Die Regierung in Rom will den jahrelangen Niedergang stoppen. Der Großkonzern Stellantis und die Politik sollen helfen.

Italien lieferte sich einst ein Wettrennen mit Deutschland um die Führungsposition in Europas Autoindustrie. Tempi passati. 2022 sind nur noch 473 000 Pkw in Italien hergestellt worden: Platz sieben in Europa. Die Regierung in Rom will, dass sich das ändert. Bis Mitte August soll eine Übereinkunft mit Stellantis-Chef Carlos Tavares erzielt werden: Ziel ist es, die Produktion im Land wieder auf deutlich über eine Million Einheiten zu steigern.

Bei einem Krisentreffen zwischen Tavares und Adolfo Urso, Minister für Unternehmen und das „Made in Italy“, wurde vereinbart, dass eine Arbeitsgruppe Vorschläge dazu erarbeiten soll. Tavares stellte in Aussicht, in Italien ein fünftes Modell auf der Basis der neuen Elektro-Plattform im Konzern für Mittelklasseautos zu produzieren – wohl ein Jeep. Doch konkrete Zusagen machte er ebensowenig wie in Bezug auf die im süditalienischen Termoli geplante Batteriefabrik.
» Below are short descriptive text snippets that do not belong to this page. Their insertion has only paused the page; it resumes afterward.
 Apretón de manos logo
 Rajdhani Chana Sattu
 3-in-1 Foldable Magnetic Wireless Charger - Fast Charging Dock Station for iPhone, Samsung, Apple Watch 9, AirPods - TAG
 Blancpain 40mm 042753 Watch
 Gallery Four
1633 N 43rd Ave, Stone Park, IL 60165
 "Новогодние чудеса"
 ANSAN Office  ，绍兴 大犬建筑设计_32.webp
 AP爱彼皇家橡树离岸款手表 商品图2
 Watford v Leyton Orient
Dafür sollen 100 Millionen Euro für einen neuen grünen Campus in Turin investiert werden.

Bei der Vorstellung der Quartalszahlen des französisch dominierten Stellantis-Konzerns, zu dem die italienischen Marken Fiat, Lancia, Alfa Romeo und Maserati, aber auch Peugeot, Citroen, Jeep, RAM und Opel gehören, zeigte sich Tavares zuversichtlich, eine Einigung zu finden. Er verlangt aber Gegenleistungen Roms in Form von Kaufanreizen für schadstoffarme Fahrzeuge.

Perspektiven sind nicht berauschend

Im Jahr 2000 liefen in Italien noch 1,7 Millionen Fahrzeuge von den Bändern. 2022 schrumpfte die Produktion auf 473 000 Einheiten. Rechnet man Nutzfahrzeuge dazu, waren es 770 000. In diesem Jahr sind die Zahlen besser. Doch die Perspektiven sind nicht berauschend. Der Branchenverband Anfia fürchtet infolge der zunehmenden Elektrifizierung den Verlust weiterer 70 000 der noch 268 000 Arbeitsplätze in der Branche.
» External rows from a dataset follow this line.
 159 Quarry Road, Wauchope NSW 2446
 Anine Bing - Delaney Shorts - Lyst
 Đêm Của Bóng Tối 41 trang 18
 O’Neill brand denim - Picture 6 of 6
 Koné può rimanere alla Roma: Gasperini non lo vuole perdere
Unter dem langjährigen Chef Sergio Marchionne hat Fiat Investitionen in die Elektromobilität verschlafen. Die Produktivität stagniert seit Jahrzehnten. Der einst dominante Fiat-Konzern verhinderte lange den Bau von Werken der Konkurrenz in Italien und investierte wenig. Neue Autowerke entstanden in Nordafrika, Spanien und Portugal, in Osteuropa – und sogar in Deutschland (Tesla) - aber nicht in Italien. Nur dank der Übernahme von Jeep, Dodge und Ram und deren üppigen Gewinnen konnte sich Fiat halten. 2021 kam die Fusion mit PSA Peugeot Citroen. Rom versuchte bis zuletzt, das nun für 2035 geplante Ende des Verbrennermotors hinauszuschieben.
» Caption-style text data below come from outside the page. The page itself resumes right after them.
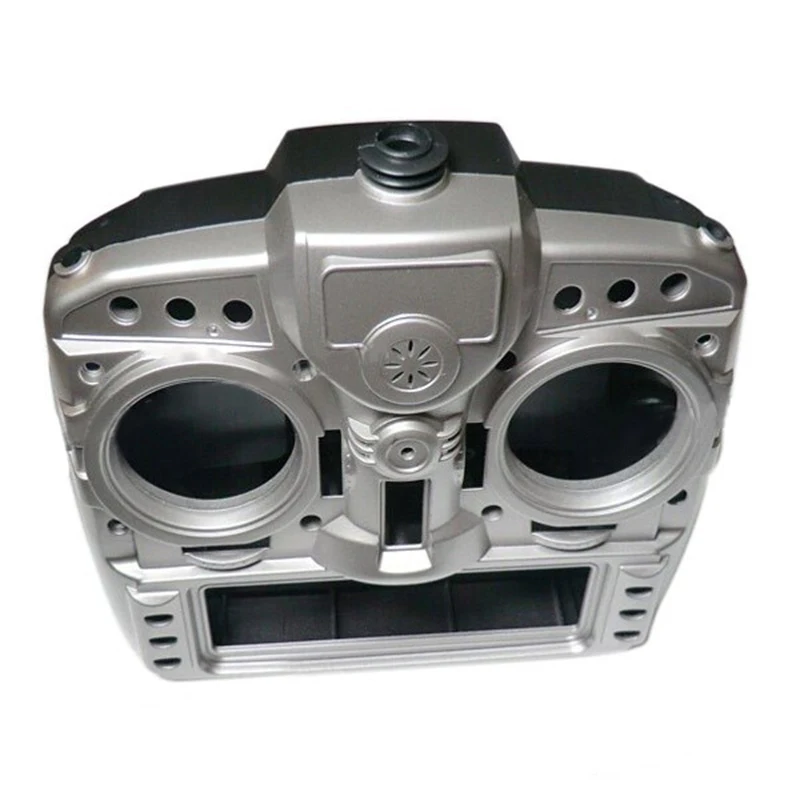 Высокое качество Frsky Taranis X9D плюс Запчасти для передатчика запасная оболочка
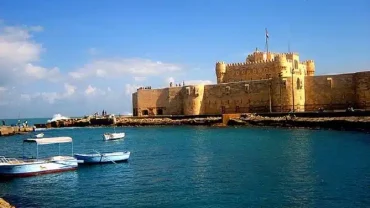 Privátní Káhira a Alexandria tour Safaga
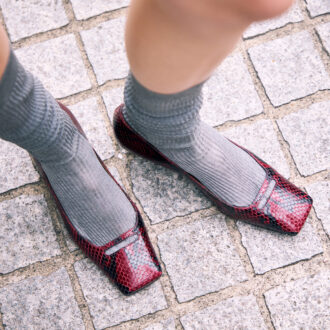 NEW ANELLI “NORA”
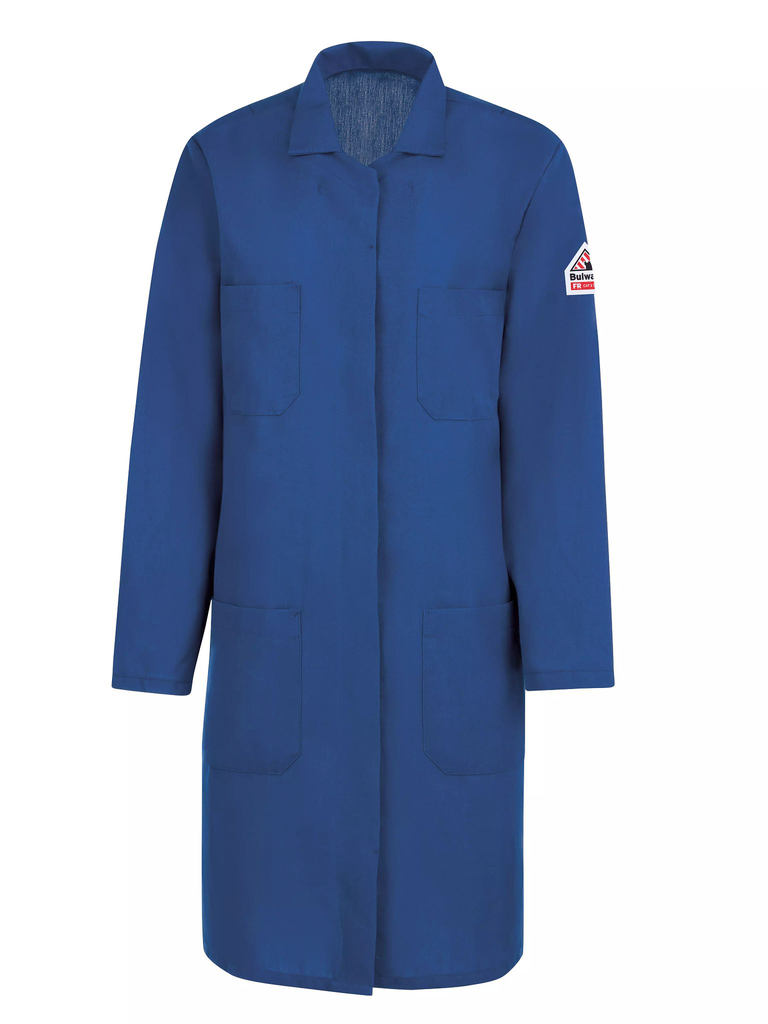 Women's Nomex FR Lab Coat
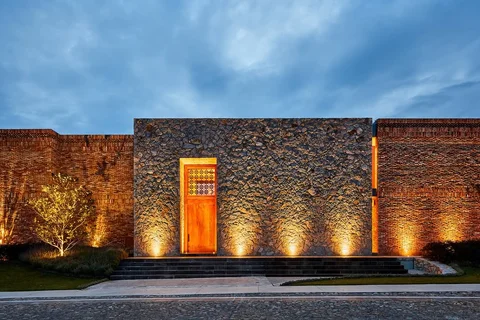 Casa SM por Antonio Farré

Fotografía: @aldocgracia 

#mexicanarchitecture #arqu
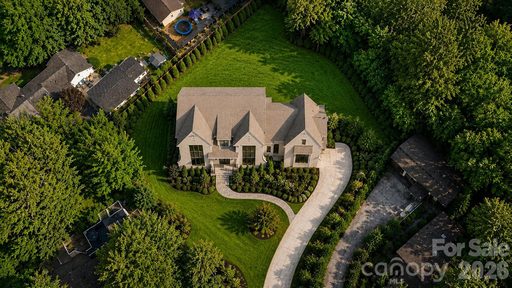 125 Randstone Court active home in Cotswold, Charlotte, NC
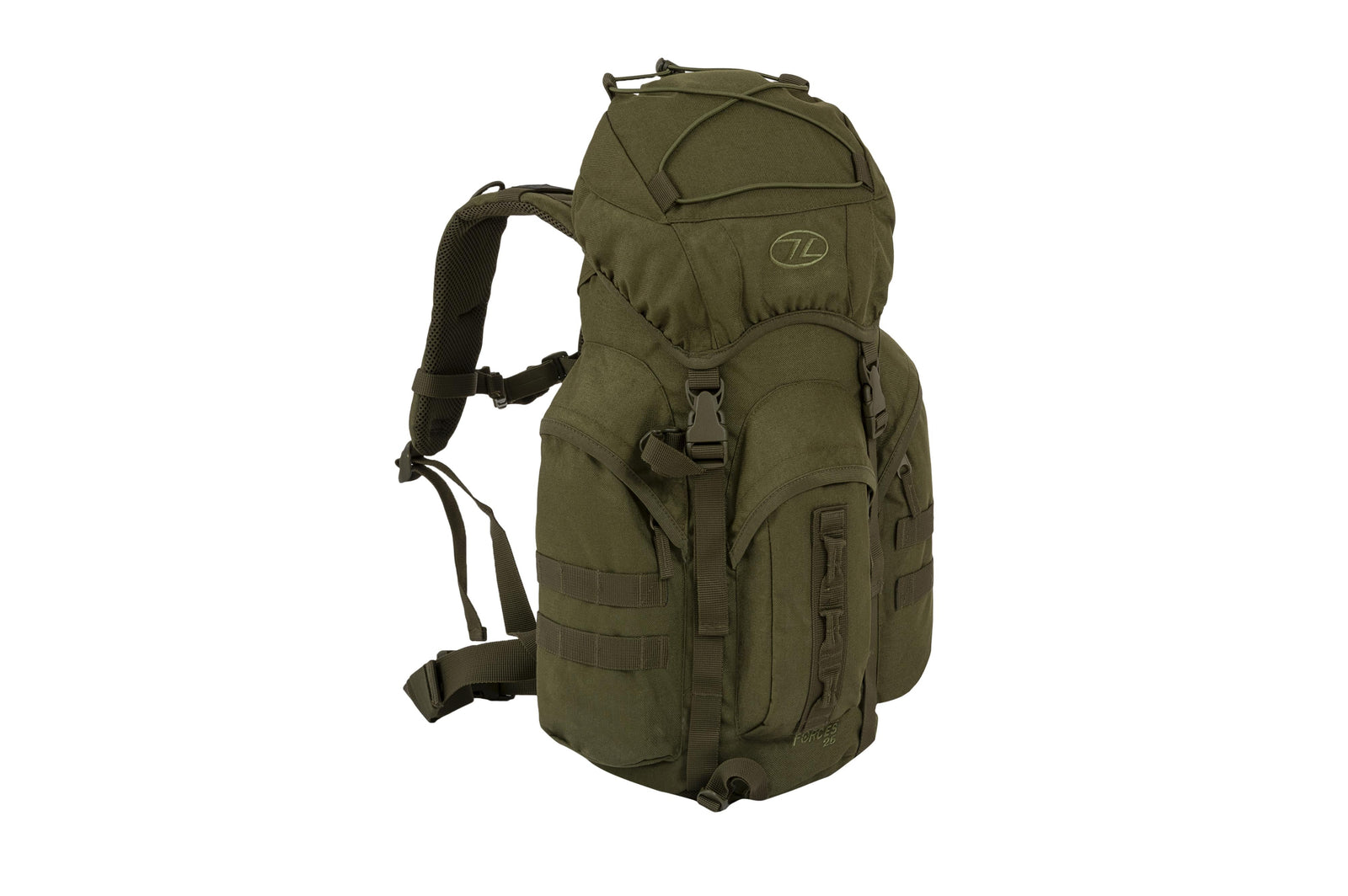 Highlander - Forces 25 - Rucksäcke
Turin, einst eines der großen Zentren der weltweiten Autoindustrie, ist nur noch ein Schatten früherer Zeiten. 2022 wurden hier nur noch 88 000 Autos gebaut, vor allem die Elektroversion des Fiat 500, die derzeit ganz gut läuft.

Produziert wird in Polen und Marokko

Ein wenig Glanz kehrte vor einigen Wochen zurück als Stellantis-Chairman John Elkann am historischen Standort in Turin Lingotto die Elektroversion des Fiat 600 und den neuen Topolino präsentierte. Doch gefertigt werden die beiden Modelle nicht im nahe Werk in Turin Mirafiori, wo einst jedes Jahr hunderttausende von Autos vom Band liefen. Der Topolino wird in Marokko produziert, der Fiat 600 in Polen, ebenso ein geplanter kleiner SUV von Alfa Romeo.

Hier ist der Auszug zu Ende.